Trigger Scenarios from Marker file

WH
WH Registered Posts: 17 ✭✭✭✭

Docs mention that:

Optionally, for filesystem-like datasets, it is possible to specify a file name as a “marker” file whose changing is understood as “the data has changed”. When a marker file is specified, changing the other files of the data doesn’t activate the dataset modification trigger. This makes it possible to prevent the trigger from activating while the dataset files are being modified, and protects against situation where refreshing of a dataset can hang.

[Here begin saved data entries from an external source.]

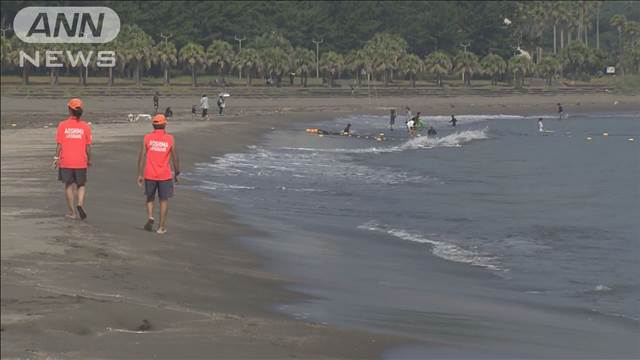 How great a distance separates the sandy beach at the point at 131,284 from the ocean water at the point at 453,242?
69 centimetres

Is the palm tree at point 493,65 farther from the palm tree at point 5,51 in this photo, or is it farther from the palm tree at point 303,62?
the palm tree at point 5,51

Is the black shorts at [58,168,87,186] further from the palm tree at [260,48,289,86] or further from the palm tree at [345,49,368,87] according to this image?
the palm tree at [345,49,368,87]

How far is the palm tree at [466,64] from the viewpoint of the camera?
6196 inches

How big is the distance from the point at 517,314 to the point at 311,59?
128 meters

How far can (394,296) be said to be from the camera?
57.6ft

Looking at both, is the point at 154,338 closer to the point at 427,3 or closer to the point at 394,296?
the point at 394,296

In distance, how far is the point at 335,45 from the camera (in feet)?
524

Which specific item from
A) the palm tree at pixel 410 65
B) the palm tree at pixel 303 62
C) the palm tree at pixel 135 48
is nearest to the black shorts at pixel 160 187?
the palm tree at pixel 135 48

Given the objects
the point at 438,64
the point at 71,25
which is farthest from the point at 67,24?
the point at 438,64

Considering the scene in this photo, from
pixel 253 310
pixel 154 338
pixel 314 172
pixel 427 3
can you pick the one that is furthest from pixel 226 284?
pixel 427 3

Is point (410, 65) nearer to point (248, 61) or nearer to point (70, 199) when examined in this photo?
point (248, 61)

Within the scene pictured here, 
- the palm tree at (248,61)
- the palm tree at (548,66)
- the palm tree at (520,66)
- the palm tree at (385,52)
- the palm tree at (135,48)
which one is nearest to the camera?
the palm tree at (135,48)

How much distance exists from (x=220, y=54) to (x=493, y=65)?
3989 cm

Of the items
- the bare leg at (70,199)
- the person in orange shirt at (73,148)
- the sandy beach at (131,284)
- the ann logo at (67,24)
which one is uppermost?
the ann logo at (67,24)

How do I specify this marker file?

My dataset is a Box folder dataset; I can already run scenarios using dataset modification trigger, however I would now like to specify a marker file.

Thanks

Best Answer

  • fchataigner2
    fchataigner2 Dataiker Posts: 355 Dataiker
    Answer ✓

    Hi,

    the marker file (a.k.a. the "change tracking" field in the dataset's Settings > Advanced tab) isn't available on custom FS providers like the one from the Box plugin.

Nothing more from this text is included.